If truth be told despite all the books not a great deal that was genuinely new emerged either at the time of that fiftieth anniversary or subsequently. The story and interplay between the cast of characters was and is a familiar one but some new light was shed on what happened when, in 2004, Gubby Allen – Bad Boy of Bodyline was published. Allen was the man who stood up to Jardine and refused to bowl fast leg theory, but despite that he played an important part in England’s 4-1 victory. The very embodiment of cricketing nobility Allen was the anti-Jardine, and what we know of him came, until 2004, from a gushing hagiography by that other great establishment figure, EW ‘Jim’ Swanton.
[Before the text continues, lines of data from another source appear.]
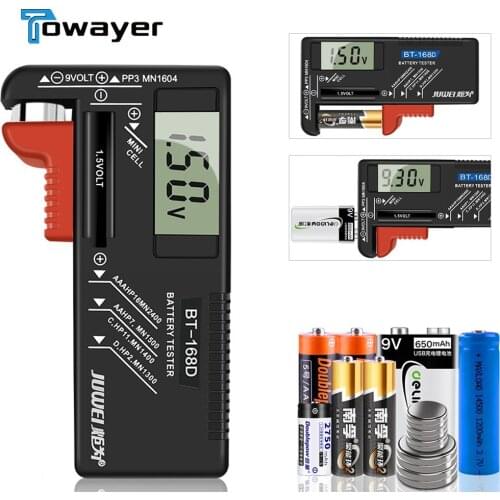 Digital Battery Tester 9V/1.5V/AA/AAA Battery Capacity Tester Button Cell Volt Checker Universal Battery Tester BT-168D
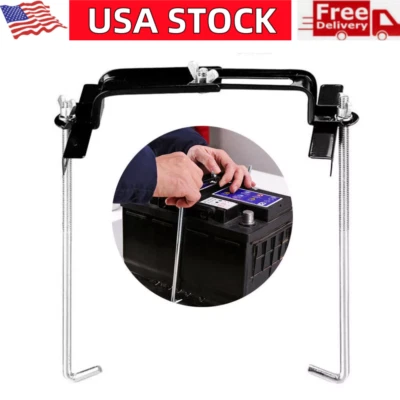 7.5" Car Truck Battery Holder Bracket Adjustable Stabilizer Rack Metal Stand Kit - Image 1 of 4
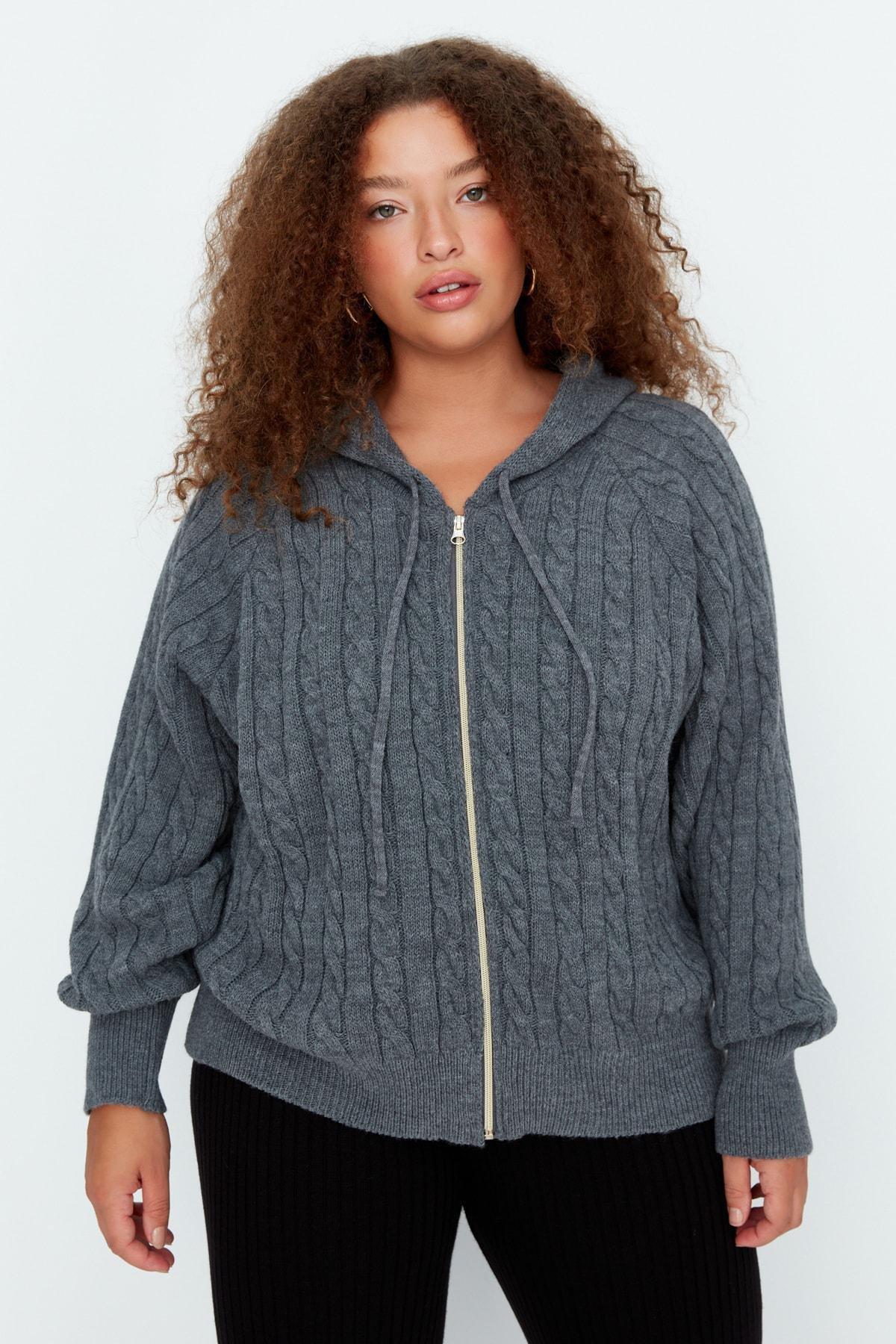 Gray Oversize Hooded Plus Size Cardigan, , large image number 2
With that in mind the many who now regard Jardine as one of English cricket’s heroes will enjoy this one. The content of the book is an analysis by author Brian Rendell of Allen’s letters home during that tour, and it turns out that in actual fact Allen was, not to put too fine a point on it, a bit of a shit.
That in 1932/33 Allen refused to bowl as Jardine would have liked him to was self-evident, as is the fact that Jardine continued to select him. It is perhaps curious that, in those circumstances, Allen still felt able to field in the leg trap. He clearly didn’t like Jardine though, early in the tour writing home that sometimes I feel I should like to kill him. As for his fellow fast bowlers, Larwood and Bill Voce, they were described as swollen headed, gutless, uneducated miners – no need to sugar coat it Gubby!
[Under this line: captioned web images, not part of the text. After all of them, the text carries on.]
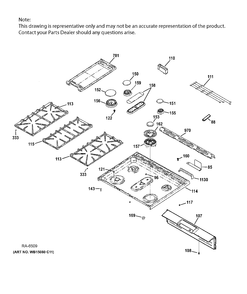 CONTROL PANEL & COOKTOP Diagram and Parts List for CC2S985SET8SS  General Electric Range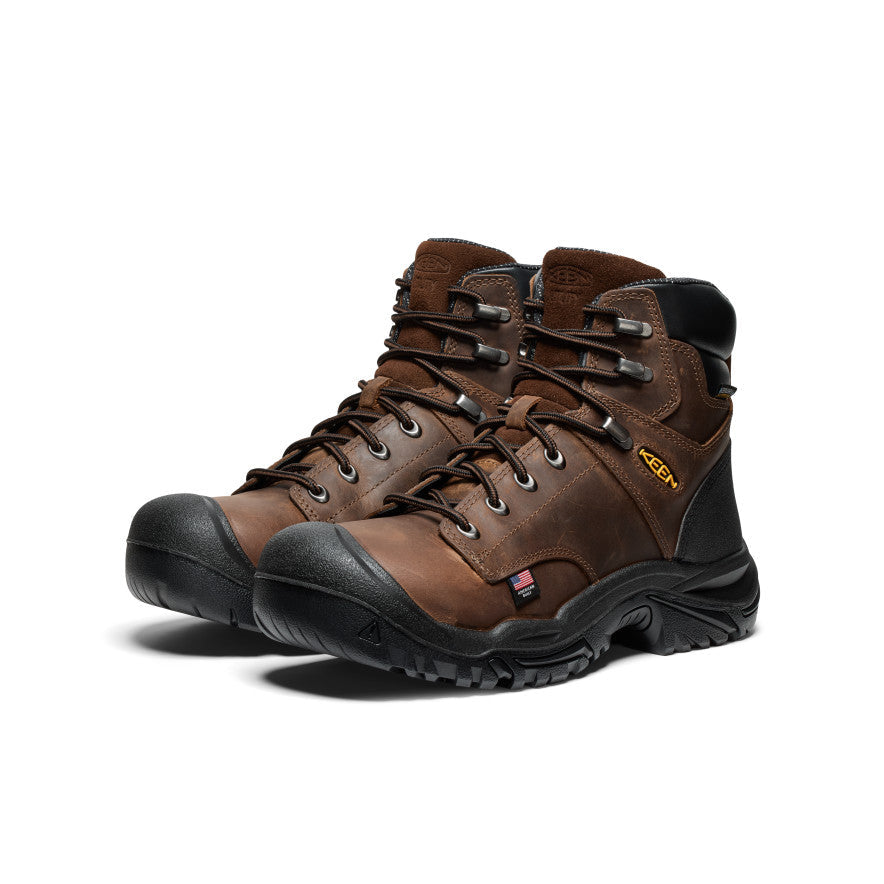 Keen Men's Mt Vernon II 6" Waterproof Boot (Steel Toe) Dark Earth/Black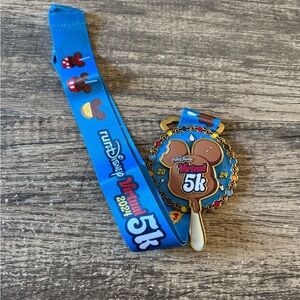 Disney 2024 Virtual 5k Medal with Blue and Gold Accents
Allen complained in his letters before the third Test that he never got a chance to bowl at the tail, the gentleman amateur upset that the professionals got the first chance at the rabbits in the Australian lower order (although the scorecards show he got eight wickets from numbers 8-11).He also complained of Jardine’s relationship with the Australian press writing that he asks for it with his offensive manner and is then hurt when they say nasty things about him. The first part of the comment is doubtless fair, but the latter seems deeply improbable from what we know of Jardine.
Towards the end of the tour Allen opined that there is no getting away from it Jardine is a perfect swine, before adding Plum simply hates the sight of him and so does everyone else. The views attributed to manager Warner is doubtless true, but the latter part of the comment, given the attitude demonstrated by the professionals in the party for the rest of their lives, is palpable nonsense.
And what of our hero Jardine – he must have had a lot to put up with from a man who he thought was a friend – did he turn on him? Not a bit of it – at the end of the tour Jardine wrote a letter to Allen’s father, which Rendall found was also in the correspondence. Jardine cannot have been anything other than fully aware of Allen’s antipathy to him over the preceding months, but Allen senior was still informed that his son set a truly magnificent example to the side ….. and was an excellent tourer in every way. It is crystal clear now as to who was the better man.
As Gubby Allen – Bad Boy of Bodyline is one of the books on the subject of the 1932/33 tour that has appeared in the last fifty years and actually added anything to the story it is, for that reason alone, well worth four stars. It would have been improved if there had been a few well chosen photographs, some statistics, an index and, above all, a complete transcript of the letters, but you can’t have everything. Nothing in that comment is intended to indicate other than that a copy of Brian Rendall’s first book is well worth tracking down, particularly for the many admirers of Douglas Jardine.